As I mentioned before, the pawpaw is the largest edible fruit native to America. Individual fruits weigh from five to 16 ounces and are 3 to 6 inches in length. The fruit usually has 10 to 14 seeds in two rows. These seeds are a very dark brown, with a length of around one inch and resemble a stretched lima bean. Newer cultivars of pawpaws have increased the percentage of fruit to seed from 75 percent in the wild to 95 percent fruit in the latest releases (Shenandoah™; Wabash™). When ripe, the fruit is soft and thin-skinned.
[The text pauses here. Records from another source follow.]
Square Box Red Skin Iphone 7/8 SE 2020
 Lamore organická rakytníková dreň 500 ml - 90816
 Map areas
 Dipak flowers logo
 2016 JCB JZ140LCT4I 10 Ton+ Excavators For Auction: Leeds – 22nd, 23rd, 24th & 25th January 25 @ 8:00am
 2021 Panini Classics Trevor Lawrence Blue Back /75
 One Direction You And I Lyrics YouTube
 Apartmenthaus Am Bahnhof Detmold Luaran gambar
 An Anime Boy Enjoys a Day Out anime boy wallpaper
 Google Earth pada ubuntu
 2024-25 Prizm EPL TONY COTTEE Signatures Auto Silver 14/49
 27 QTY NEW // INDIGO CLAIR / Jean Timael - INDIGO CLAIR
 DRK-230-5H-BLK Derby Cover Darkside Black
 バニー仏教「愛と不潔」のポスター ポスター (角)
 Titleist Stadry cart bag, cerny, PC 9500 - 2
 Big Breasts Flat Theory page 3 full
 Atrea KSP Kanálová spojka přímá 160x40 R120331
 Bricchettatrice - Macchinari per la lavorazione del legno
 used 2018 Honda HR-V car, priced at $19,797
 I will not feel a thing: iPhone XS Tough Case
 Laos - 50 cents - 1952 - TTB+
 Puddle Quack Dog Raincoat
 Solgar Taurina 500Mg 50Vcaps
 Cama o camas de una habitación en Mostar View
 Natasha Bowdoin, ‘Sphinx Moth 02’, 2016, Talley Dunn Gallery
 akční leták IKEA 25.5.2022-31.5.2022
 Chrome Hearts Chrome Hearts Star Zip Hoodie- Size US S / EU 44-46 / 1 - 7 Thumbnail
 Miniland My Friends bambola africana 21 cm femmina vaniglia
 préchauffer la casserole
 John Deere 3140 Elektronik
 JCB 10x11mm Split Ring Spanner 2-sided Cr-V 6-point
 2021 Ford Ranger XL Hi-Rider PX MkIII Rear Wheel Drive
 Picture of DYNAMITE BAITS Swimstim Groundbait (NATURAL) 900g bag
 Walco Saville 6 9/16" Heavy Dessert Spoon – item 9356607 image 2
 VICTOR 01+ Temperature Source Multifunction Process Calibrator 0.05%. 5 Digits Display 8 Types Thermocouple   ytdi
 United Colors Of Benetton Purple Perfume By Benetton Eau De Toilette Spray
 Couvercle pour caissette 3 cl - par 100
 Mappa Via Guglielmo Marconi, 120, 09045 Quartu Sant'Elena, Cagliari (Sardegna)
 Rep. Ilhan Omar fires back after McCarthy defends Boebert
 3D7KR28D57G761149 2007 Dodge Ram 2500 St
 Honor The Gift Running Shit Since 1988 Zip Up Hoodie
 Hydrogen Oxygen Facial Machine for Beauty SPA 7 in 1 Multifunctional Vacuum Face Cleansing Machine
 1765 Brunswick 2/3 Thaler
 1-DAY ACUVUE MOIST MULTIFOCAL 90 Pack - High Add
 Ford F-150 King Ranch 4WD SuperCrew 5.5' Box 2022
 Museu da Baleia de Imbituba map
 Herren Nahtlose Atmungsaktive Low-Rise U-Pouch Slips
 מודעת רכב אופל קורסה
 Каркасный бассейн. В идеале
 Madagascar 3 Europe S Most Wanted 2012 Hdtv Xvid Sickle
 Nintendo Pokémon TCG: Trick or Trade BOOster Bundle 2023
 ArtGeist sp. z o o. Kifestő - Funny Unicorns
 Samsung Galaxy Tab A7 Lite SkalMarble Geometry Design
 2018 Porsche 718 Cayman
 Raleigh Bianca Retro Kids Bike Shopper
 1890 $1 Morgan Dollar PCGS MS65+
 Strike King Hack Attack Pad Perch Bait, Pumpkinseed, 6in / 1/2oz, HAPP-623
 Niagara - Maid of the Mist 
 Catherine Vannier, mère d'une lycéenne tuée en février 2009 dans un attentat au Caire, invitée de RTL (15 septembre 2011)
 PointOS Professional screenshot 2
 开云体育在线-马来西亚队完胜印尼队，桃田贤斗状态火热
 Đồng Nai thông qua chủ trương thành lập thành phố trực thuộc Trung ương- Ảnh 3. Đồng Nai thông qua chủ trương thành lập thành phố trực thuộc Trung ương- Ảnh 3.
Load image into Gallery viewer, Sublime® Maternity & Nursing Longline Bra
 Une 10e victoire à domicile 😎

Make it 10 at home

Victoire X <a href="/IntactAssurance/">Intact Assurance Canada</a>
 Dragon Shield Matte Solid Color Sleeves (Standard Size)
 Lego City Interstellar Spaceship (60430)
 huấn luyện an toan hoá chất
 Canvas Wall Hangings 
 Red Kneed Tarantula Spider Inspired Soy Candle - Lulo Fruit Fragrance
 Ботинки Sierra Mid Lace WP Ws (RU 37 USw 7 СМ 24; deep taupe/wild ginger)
In our area, pawpaws ripen during the month of September. When ripe, it is soft and yields easily to a gentle squeeze, and has a pronounced light tropical fragrance. The skin of the green fruit usually lightens in color as it ripens and often develops blackish splotches, which do not affect the flavor or edibility. The yellow flesh is custard like and highly nutritious as well as quite delicious.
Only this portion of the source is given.